Sups. Michela Alioto-Pier and Bevan Dufty are proposing legislation that would allow owners of multi-unit "tenancies in common" (TICs) to bypass tenant protections and convert their properties to individually owned condominiums in 2006.
In the text of the bill, Alioto-Pier and Dufty maintain that the measure will have no direct negative effect on renters, since it will apply only to buildings that are 100 percent owner occupied. The San Francisco Tenants Union disagrees, predicting that if the legislation passes, it will increase evictions, weaken recently won protections for seniors and the disabled, and, ultimately, undermine rent control.
San Francisco law currently limits condo conversions to 200 buildings a year, selected through an annual lottery. Competition is stiff, and because of a restriction introduced by Sup. Chris Daly last November, it's extremely difficult for a TIC to win the lottery if it was created through the eviction of a senior, a disabled person, or someone who is catastrophically ill.

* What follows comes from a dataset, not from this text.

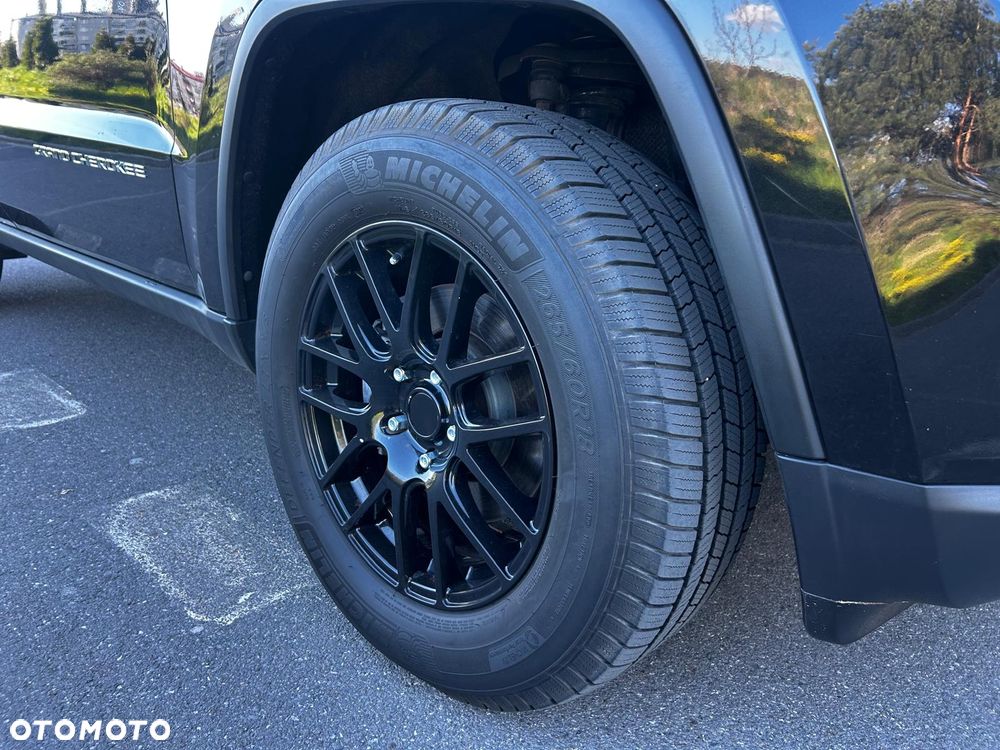 Jeep Grand Cherokee - 19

The new legislation would allow all owner-occupied TICs created before January of this year to bypass the 2006 lottery and go straight to conversion.
Calls to Alioto-Pier and Dufty were not returned, but Tenants Union representative Ted Gullicksen says the strategy is "a huge giveaway" to TIC owners. Not only do condo conversions bump up housing prices and take units off the rental market, he said - they also provide an incentive to evict entire buildings full of people.
Rent control makes it hard for landlords to get rid of individual low-rent tenants, but under the state Ellis Act it's legal to evict all the residents in a building in order to take it off the rental market. "The way condos happen is, someone buys a building, Ellises it, sells the units as a TIC, and the new owners get in line to convert to condos," Gullicksen explained. Under state law, condos are exempt from rent control.
Although the legislation is written as a one-time exception, Gullicksen maintains that it will have a lasting impact. "The word will get out that it's going to be easy to convert TICs into condos, and it will create an expectation among buyers that will result in a huge increase in evictions and conversions," he said. Without the restrictions and disincentives provided by the lottery system, "we'll be rewarding landlords for evicting people."